[Opening THE DATA section]
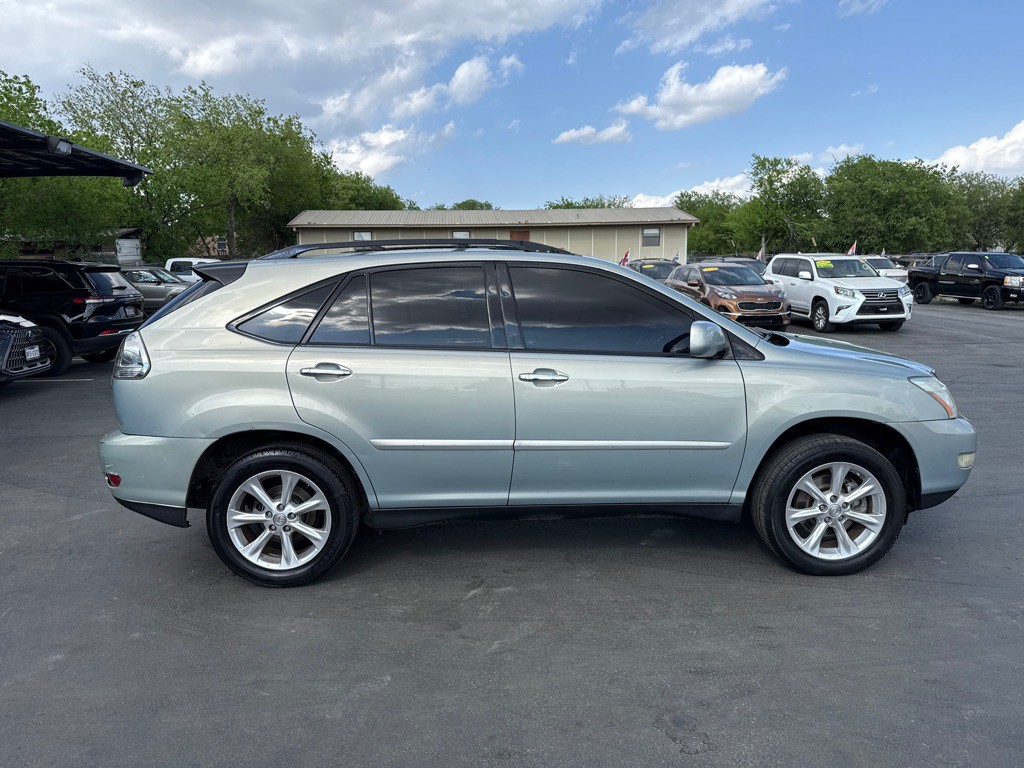 2009 Lexus RX Image 2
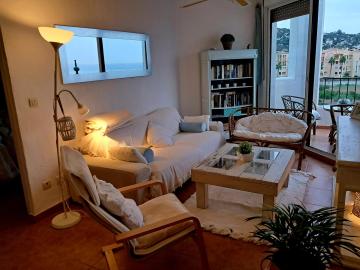 AIRUNNES Atico duplex Zahara primera linea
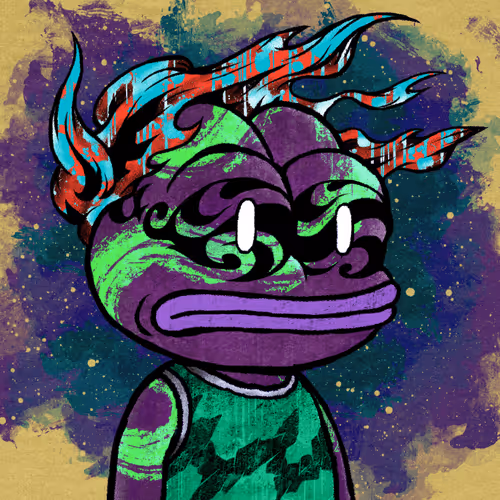 Onigiri Pepe #6000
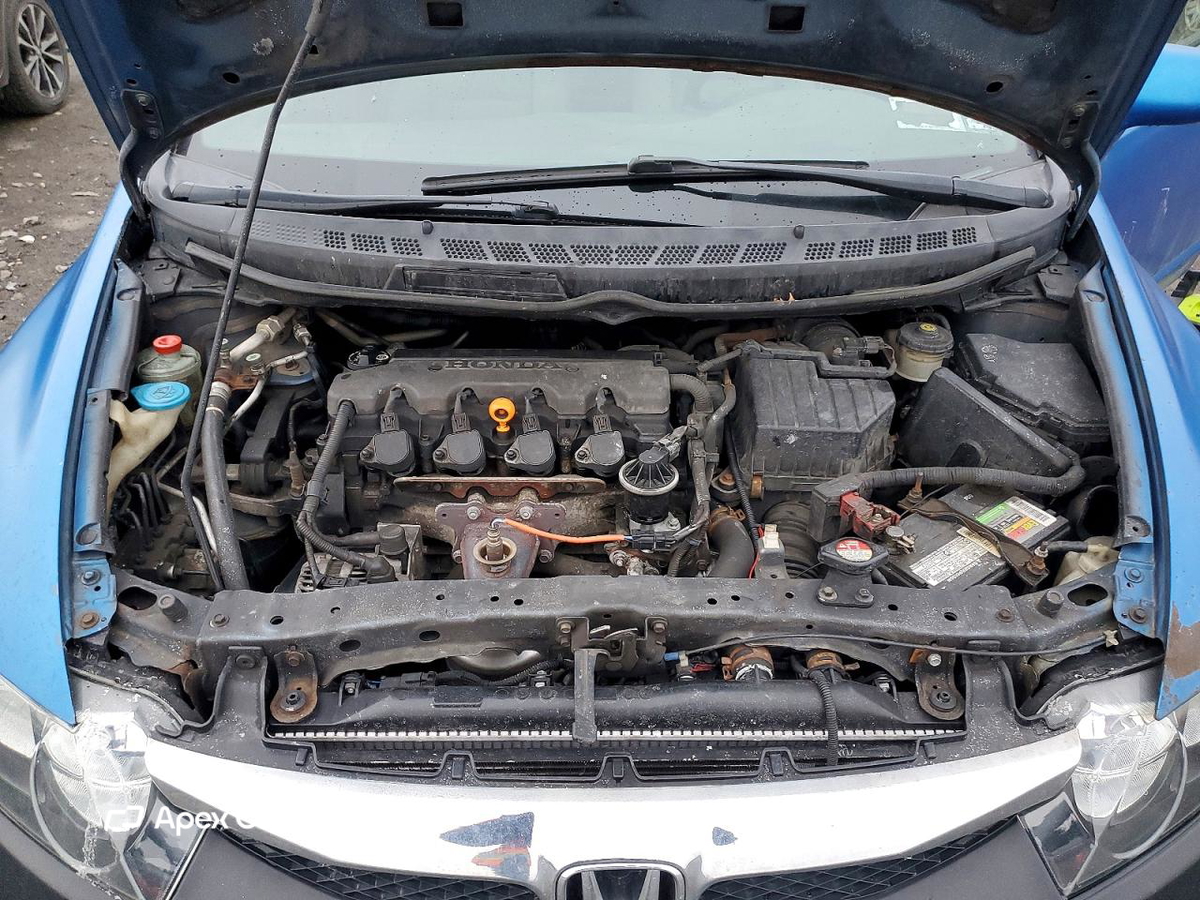 Honda Civic 2011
[Closing THE DATA section]
PROBLEM DESCRIPTION >>
The material must be restated verbatim. Its pictures must be omitted.

WRITTEN SOLUTION >>
 2009 Lexus RX Image 2
 AIRUNNES Atico duplex Zahara primera linea
 Onigiri Pepe #6000
 Honda Civic 2011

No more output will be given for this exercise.